University of Cambridge
Colloquium Tea held at 3:15 pm in 101A Crowley Hall
Title: Harnessing Extra Randomness: Replicability, Flexibility and Causality
Abstract: Many modern statistical procedures are randomized in the sense that the output is a random function of data. For example, many procedures employ data splitting, which randomly divides the dataset into disjoint parts for separate purposes. Despite their flexibility and popularity, data splitting and other constructions of randomized procedures have obvious drawbacks. First, two analyses of the same dataset may lead to different results due to the extra randomness introduced. Second, randomized procedures typically lose statistical power because the entire sample is not fully utilized. To address these drawbacks, in this talk, I will study how to properly combine the results from multiple realizations (such as through multiple data splits) of a randomized procedure. I will introduce rank-transformed subsampling as a general method for delivering large sample inference of the combined result under minimal assumptions.
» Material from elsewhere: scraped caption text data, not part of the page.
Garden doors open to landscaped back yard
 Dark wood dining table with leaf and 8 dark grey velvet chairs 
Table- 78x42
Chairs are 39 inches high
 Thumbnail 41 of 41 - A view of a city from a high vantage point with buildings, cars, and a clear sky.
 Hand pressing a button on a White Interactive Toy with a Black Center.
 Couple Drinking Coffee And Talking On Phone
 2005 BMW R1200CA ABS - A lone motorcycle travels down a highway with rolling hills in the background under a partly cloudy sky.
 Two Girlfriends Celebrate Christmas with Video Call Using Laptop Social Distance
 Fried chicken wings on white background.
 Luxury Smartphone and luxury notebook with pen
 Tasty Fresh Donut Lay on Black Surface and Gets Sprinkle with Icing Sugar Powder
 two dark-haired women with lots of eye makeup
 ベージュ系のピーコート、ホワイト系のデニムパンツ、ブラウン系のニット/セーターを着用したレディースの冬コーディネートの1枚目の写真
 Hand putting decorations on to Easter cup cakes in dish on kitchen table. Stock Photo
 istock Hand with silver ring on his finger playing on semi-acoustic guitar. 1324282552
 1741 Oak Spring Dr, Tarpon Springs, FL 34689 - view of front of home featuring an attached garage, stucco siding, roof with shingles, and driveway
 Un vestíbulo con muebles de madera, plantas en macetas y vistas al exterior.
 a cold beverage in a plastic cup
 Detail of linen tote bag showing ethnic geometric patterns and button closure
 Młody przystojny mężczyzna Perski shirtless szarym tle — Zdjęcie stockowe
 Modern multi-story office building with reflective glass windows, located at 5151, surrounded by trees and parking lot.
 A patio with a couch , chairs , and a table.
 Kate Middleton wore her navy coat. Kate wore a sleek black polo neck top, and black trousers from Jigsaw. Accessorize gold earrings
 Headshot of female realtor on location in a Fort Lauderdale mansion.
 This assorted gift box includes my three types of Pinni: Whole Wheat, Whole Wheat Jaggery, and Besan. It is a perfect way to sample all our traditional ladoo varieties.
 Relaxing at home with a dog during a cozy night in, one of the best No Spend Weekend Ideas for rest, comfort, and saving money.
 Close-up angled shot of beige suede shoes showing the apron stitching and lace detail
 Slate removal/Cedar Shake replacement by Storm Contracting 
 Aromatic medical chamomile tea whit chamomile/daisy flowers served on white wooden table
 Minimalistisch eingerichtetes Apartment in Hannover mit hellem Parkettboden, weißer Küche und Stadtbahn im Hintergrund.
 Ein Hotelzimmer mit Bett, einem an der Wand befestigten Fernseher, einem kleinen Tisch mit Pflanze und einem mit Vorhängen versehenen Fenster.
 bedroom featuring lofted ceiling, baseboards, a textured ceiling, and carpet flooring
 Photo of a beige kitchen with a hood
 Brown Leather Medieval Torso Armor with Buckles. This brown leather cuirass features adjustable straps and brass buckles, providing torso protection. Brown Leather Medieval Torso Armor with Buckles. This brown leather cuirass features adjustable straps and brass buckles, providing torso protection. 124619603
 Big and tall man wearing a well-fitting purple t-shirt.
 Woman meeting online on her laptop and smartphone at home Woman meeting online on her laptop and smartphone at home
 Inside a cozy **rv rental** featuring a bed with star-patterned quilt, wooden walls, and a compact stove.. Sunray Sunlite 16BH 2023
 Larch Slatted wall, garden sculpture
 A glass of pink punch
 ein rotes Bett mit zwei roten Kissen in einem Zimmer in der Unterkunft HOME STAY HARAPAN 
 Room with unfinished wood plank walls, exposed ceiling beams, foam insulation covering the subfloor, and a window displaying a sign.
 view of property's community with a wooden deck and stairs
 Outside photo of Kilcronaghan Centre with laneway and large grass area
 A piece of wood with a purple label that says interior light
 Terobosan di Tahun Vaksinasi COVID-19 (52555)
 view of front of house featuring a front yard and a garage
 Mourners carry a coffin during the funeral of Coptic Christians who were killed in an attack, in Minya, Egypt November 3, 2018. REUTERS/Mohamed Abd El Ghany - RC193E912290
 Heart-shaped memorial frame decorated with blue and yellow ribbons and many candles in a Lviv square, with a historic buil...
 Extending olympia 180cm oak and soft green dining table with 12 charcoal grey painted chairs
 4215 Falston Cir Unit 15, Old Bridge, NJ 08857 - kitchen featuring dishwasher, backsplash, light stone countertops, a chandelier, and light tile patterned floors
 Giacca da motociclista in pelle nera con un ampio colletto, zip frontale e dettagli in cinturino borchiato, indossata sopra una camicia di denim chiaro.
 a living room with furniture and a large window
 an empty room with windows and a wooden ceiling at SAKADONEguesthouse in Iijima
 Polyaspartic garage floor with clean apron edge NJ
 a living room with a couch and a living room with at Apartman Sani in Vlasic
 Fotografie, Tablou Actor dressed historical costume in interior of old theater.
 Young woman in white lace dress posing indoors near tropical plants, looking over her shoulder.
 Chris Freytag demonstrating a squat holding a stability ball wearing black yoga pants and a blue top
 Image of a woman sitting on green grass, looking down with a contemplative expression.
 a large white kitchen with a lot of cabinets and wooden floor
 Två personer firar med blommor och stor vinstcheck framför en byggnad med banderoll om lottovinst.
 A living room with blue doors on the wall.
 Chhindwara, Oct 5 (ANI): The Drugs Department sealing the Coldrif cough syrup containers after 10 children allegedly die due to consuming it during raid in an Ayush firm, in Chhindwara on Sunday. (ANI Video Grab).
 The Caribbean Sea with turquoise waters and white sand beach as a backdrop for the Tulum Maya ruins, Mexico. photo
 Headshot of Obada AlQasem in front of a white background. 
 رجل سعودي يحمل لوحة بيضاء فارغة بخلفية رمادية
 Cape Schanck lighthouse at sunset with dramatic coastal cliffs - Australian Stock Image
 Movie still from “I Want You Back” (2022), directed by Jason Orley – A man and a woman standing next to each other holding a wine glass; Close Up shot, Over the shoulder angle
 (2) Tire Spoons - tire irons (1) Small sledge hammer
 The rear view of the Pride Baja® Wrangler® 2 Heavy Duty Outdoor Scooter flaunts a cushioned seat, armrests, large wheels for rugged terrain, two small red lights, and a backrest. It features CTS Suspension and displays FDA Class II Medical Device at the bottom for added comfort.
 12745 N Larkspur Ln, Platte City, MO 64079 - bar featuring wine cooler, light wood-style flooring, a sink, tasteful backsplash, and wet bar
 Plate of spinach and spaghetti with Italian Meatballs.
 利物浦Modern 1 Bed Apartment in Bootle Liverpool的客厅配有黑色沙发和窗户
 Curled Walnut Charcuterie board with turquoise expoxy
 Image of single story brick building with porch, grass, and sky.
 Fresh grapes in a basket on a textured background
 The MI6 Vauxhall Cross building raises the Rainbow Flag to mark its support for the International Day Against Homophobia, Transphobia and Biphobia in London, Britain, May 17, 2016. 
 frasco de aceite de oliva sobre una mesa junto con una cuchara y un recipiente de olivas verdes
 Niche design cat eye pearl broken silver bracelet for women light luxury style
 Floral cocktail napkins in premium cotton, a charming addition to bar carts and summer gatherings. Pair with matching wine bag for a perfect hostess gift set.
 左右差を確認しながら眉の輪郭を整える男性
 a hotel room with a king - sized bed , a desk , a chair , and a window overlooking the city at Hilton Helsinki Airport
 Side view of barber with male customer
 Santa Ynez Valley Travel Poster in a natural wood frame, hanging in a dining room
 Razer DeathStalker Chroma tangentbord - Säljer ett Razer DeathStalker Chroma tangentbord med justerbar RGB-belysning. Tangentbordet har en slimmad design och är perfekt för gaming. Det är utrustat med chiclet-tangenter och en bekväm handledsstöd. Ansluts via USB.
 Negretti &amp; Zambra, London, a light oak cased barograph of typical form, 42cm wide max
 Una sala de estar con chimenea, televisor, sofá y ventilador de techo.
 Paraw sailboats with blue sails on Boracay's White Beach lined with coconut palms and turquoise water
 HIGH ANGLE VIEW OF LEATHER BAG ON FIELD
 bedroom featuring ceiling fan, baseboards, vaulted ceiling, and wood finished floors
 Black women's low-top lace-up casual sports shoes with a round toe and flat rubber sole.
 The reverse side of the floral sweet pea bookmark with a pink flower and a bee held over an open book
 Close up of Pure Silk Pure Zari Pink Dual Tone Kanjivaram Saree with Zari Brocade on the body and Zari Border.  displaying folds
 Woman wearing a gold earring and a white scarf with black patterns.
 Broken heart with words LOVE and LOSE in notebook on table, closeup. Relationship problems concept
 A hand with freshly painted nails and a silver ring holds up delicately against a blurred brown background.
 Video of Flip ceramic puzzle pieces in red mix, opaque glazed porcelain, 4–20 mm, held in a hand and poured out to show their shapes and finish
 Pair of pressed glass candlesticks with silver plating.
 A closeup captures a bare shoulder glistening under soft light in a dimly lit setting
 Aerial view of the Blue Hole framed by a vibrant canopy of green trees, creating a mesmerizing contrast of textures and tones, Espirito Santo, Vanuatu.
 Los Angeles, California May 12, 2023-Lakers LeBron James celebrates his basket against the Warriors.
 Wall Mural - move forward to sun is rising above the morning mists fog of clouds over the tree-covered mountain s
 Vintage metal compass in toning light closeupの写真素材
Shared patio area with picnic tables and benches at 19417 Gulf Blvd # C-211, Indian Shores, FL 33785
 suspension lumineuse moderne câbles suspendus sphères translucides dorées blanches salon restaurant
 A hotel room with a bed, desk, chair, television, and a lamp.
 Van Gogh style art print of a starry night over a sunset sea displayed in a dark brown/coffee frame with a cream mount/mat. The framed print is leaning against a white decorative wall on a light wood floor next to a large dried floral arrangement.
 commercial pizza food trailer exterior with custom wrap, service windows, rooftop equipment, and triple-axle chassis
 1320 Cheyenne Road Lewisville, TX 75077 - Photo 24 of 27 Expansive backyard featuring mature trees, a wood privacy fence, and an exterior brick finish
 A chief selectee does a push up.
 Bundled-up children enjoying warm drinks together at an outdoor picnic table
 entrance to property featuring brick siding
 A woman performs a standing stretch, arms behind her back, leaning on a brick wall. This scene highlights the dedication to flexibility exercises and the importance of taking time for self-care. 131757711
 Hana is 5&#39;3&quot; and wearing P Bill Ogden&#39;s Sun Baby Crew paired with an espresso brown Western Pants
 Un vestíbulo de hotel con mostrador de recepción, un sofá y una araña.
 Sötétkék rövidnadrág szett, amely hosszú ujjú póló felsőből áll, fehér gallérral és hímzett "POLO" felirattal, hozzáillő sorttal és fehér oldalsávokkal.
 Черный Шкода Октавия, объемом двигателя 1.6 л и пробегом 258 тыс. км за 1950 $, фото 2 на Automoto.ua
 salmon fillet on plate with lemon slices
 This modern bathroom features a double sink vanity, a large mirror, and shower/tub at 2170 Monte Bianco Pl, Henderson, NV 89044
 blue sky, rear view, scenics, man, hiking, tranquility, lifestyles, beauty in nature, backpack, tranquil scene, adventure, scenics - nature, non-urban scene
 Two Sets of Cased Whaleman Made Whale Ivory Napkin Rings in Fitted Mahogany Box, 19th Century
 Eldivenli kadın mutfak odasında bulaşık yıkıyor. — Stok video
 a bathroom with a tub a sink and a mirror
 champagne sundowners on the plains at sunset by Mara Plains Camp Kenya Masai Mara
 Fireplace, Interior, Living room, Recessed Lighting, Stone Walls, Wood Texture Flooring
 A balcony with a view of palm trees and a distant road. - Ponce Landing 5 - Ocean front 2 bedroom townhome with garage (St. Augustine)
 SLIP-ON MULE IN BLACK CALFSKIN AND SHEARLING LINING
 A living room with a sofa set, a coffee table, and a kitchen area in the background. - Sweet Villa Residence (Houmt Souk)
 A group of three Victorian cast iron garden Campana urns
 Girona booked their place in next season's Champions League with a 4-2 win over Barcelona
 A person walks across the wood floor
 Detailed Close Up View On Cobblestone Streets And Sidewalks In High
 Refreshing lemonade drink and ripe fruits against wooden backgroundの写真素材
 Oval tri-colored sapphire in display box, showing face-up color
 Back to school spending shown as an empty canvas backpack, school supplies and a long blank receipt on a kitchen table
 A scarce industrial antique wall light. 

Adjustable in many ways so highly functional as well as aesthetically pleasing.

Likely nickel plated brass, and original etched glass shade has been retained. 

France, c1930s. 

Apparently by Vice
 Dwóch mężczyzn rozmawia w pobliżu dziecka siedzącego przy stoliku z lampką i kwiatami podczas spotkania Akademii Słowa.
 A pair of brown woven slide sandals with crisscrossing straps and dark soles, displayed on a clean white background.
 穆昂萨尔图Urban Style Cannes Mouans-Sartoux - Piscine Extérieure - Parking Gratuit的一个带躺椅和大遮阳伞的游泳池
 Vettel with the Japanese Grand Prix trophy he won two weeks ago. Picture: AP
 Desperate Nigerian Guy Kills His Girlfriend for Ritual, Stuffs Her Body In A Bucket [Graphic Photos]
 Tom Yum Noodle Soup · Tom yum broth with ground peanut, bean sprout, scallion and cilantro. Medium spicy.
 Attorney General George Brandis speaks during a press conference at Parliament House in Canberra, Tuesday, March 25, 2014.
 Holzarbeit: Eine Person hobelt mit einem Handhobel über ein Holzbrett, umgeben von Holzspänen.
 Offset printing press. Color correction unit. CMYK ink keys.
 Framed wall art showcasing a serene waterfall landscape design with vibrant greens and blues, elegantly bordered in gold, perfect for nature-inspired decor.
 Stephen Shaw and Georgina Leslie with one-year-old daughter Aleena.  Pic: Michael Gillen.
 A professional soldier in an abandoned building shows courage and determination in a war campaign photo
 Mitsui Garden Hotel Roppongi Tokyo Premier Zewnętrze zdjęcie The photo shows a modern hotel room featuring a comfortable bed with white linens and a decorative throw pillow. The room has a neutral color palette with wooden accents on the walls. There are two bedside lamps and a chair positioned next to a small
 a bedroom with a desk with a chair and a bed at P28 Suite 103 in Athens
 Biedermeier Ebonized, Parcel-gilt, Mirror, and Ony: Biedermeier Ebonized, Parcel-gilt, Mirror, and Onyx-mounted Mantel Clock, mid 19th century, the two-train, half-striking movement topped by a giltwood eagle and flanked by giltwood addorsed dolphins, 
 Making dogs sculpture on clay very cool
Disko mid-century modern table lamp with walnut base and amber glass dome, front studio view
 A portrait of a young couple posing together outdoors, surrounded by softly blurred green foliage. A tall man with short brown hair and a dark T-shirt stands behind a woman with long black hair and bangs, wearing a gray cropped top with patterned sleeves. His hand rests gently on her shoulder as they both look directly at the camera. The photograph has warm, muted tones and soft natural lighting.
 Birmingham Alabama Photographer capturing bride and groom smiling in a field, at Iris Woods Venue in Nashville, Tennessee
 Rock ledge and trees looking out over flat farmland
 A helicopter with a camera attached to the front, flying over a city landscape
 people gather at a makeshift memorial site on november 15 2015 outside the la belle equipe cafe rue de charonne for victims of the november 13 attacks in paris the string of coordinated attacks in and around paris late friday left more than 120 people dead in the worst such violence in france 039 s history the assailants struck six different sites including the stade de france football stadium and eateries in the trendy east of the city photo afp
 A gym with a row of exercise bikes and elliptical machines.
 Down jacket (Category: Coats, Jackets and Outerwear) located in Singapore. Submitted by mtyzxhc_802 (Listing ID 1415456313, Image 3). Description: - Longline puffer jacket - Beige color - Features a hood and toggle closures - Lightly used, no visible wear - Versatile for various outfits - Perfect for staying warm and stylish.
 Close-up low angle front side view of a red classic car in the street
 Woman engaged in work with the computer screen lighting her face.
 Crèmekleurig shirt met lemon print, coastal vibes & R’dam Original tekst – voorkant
I will illustrate the method with three applications: (1) a “hunt-and-test” procedure for detecting cancer subtypes using high-dimensional gene expression data, (2) testing the hypothesis of no direct effect in a sequentially randomized trial and (3) calibrating cross-fit “double machine learning” confidence intervals. For these problems, our method is able to de-randomize and improve power. Moreover, in contrast to existing approaches for combining p-values, our method enjoys type-I error control that asymptotically approaches the nominal level. This new development opens up the possibility of designing procedures that explicitly randomize and de-randomize: extra randomness is introduced to make the problem easier before being removed.